**Requirement**: The exercise calls for the lines from the one containing "キングサイズベッドのスタンダードルーム, Comfort Inn Laurinburg" to the end of the data below to be output exactly, pictures excluded.

**Records for this exercise**:
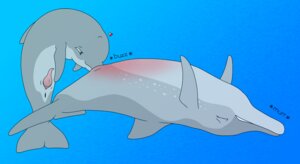 Rating: Explicit Score: 0 Tags: ambiguous_gender flipper male male/ambiguous rule34 tagme User: bunchy7s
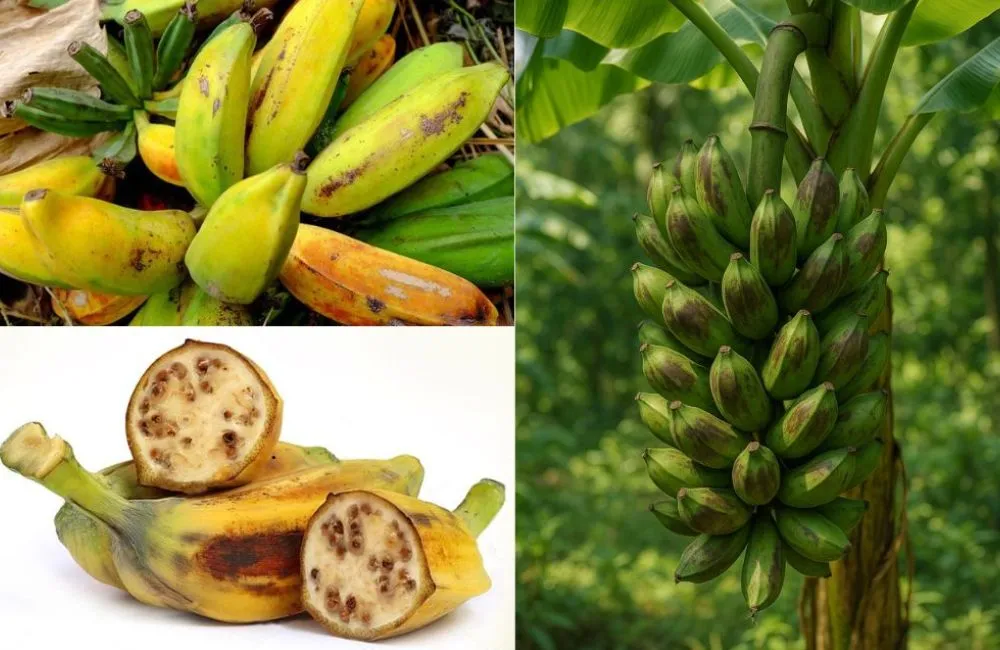 Chuối Hột Cấy Mô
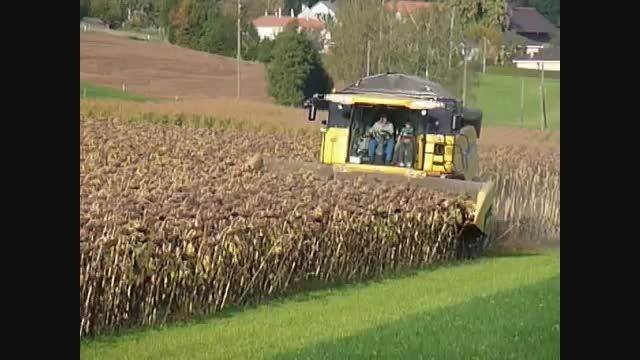 sunflower harvester1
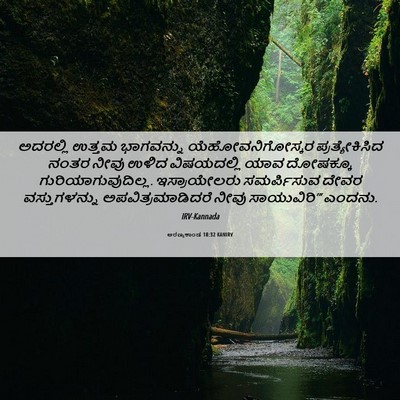 Picture 06 - ಅರಣ್ಯಕಾಂಡ 18:32 KANIRV - ಅದರಲ್ಲಿ ಉತ್ತಮ - Bible Verse Picture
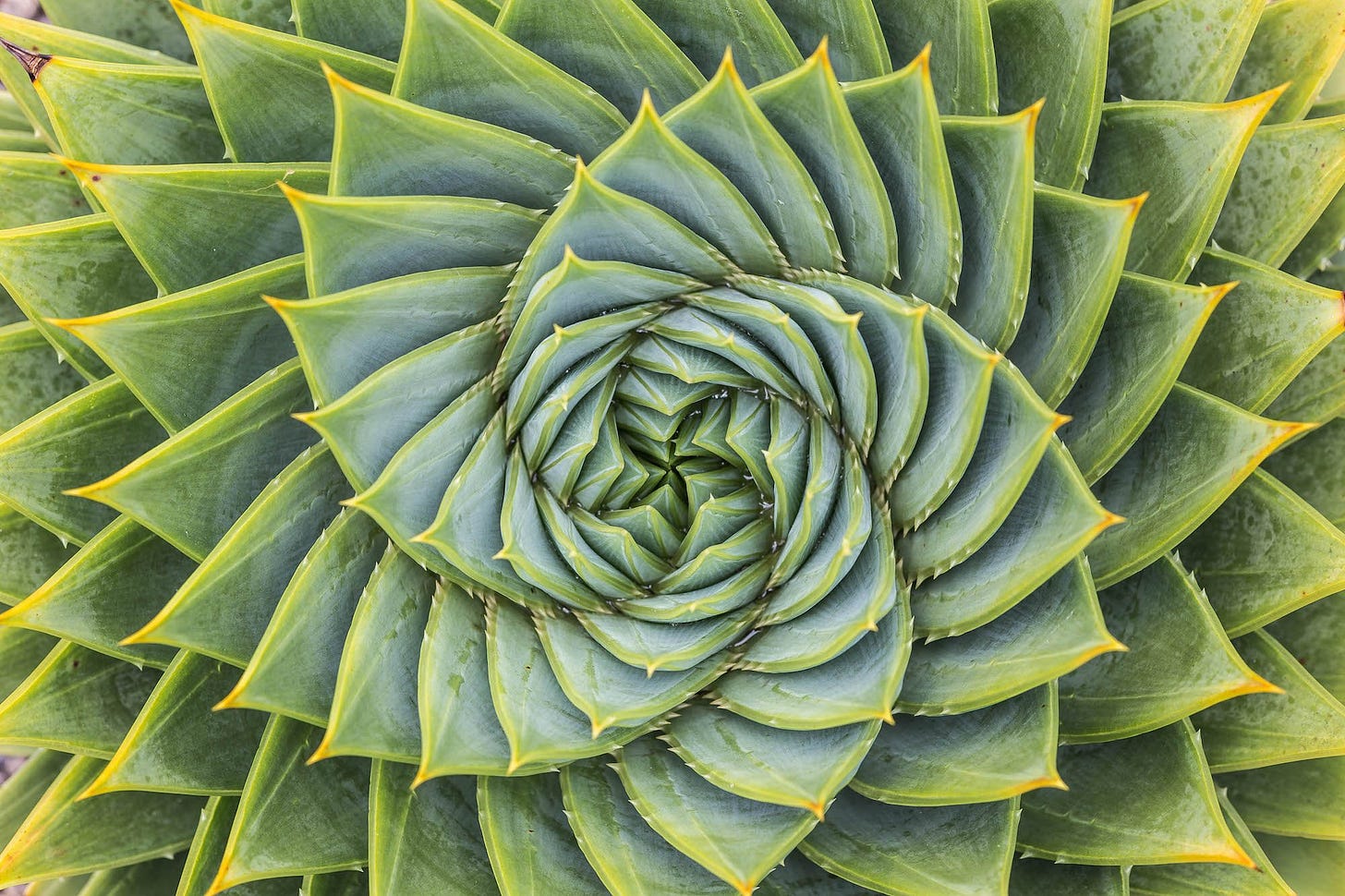 Fractal Aloe Leaves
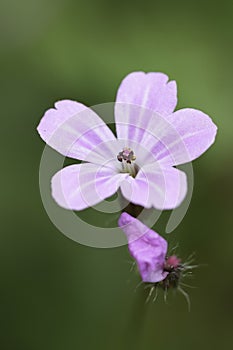 Vertical closeup on the light pink flower of the green, herb robert, Geranium robertianum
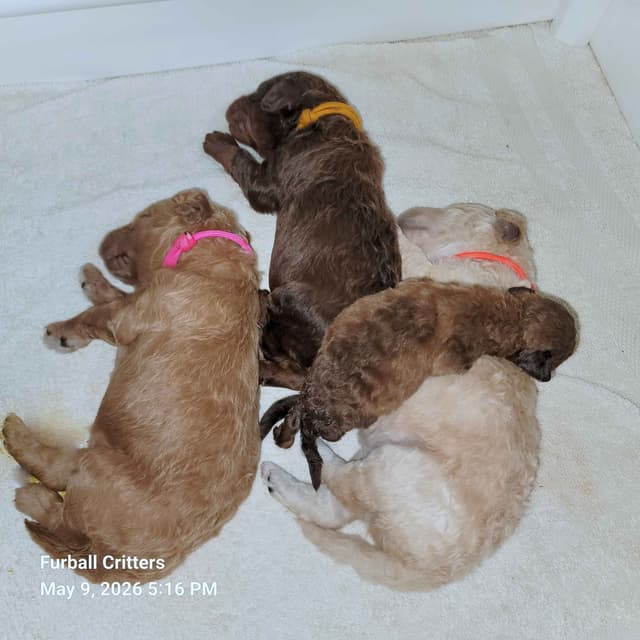 Standard Poodle Puppies media 3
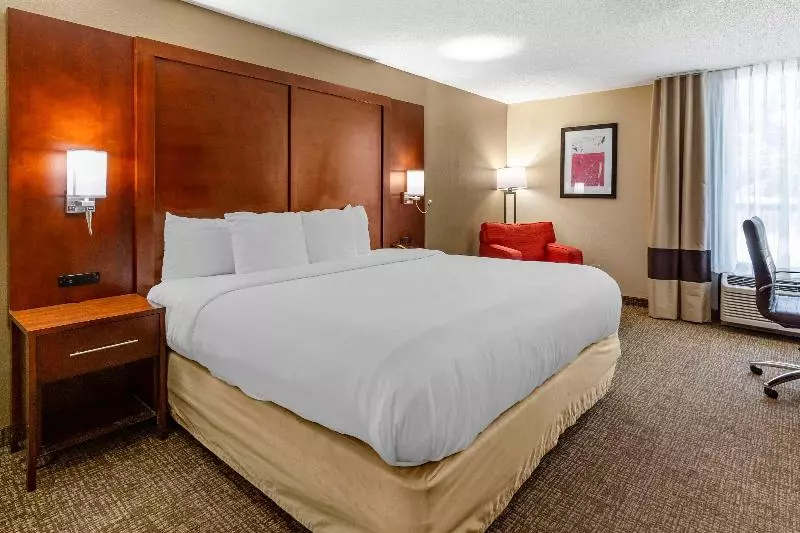 キングサイズベッドのスタンダードルーム, Comfort Inn Laurinburg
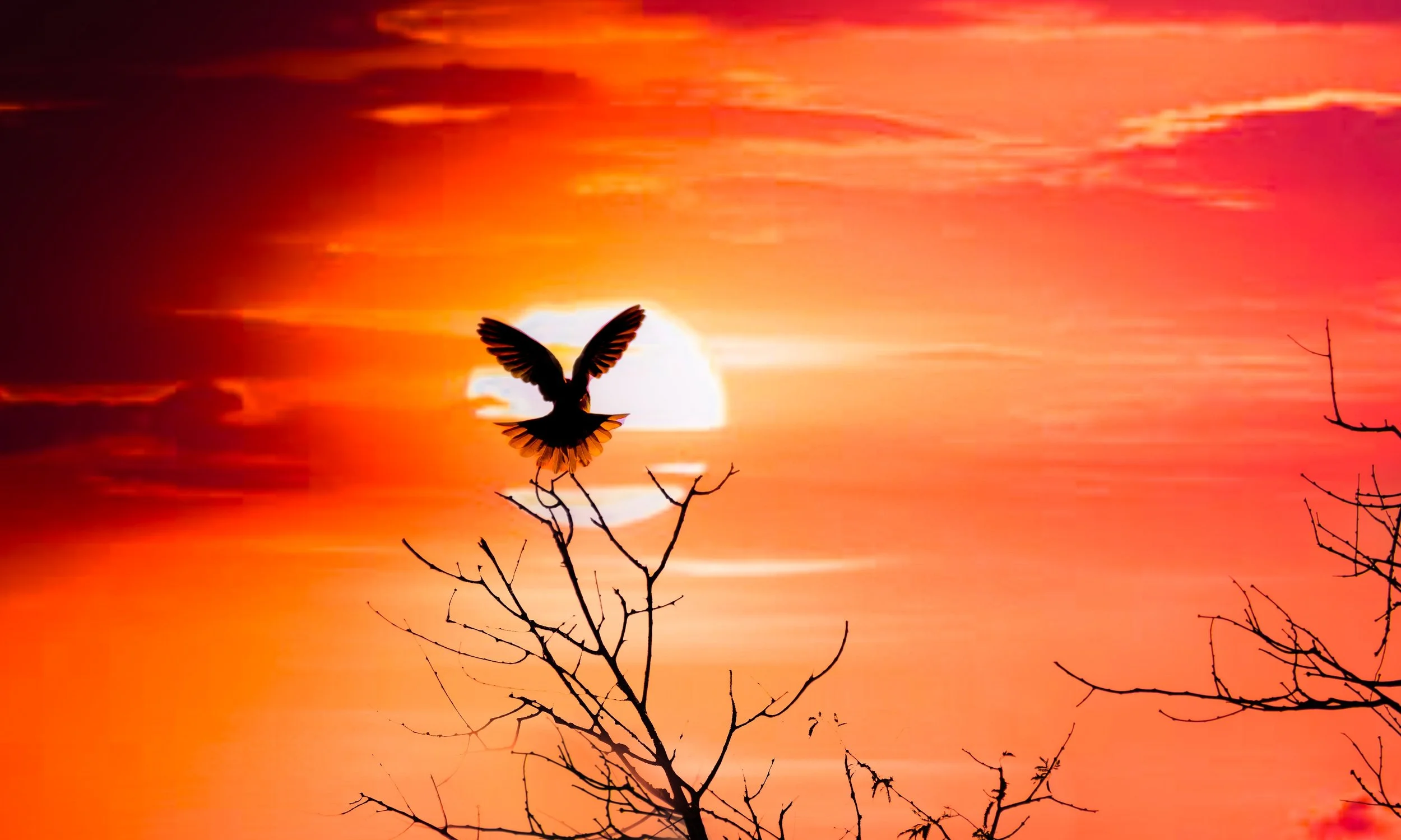 Pigeon solhouette2.jpeg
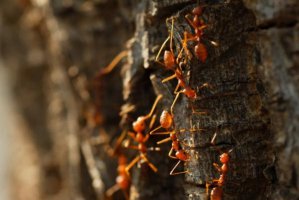 Видно там нет приличных ветров и друзей.:)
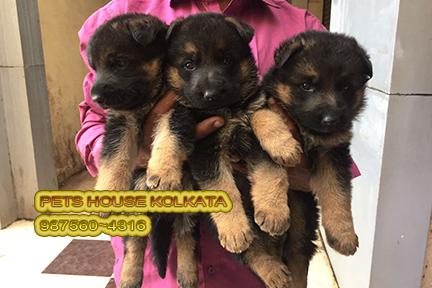 Top Imported Quality GERMAN SHEPHERD Dogs Rs 21500 KOLKATA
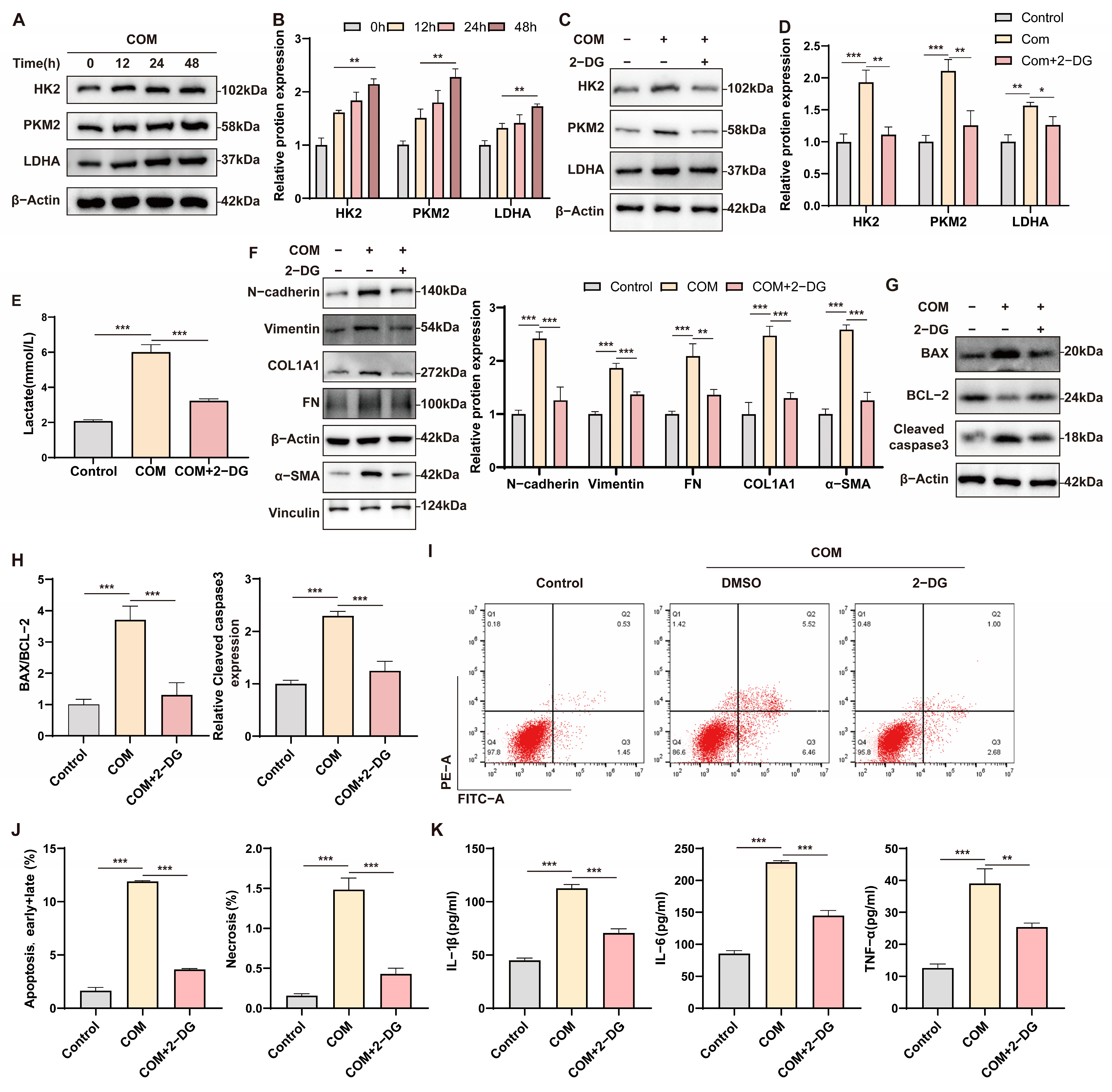 Biomedicines 12 02279 g005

**Exercise response**:
 キングサイズベッドのスタンダードルーム, Comfort Inn Laurinburg
 Pigeon solhouette2.jpeg
 Видно там нет приличных ветров и друзей.:)
 Top Imported Quality GERMAN SHEPHERD Dogs Rs 21500 KOLKATA
 Biomedicines 12 02279 g005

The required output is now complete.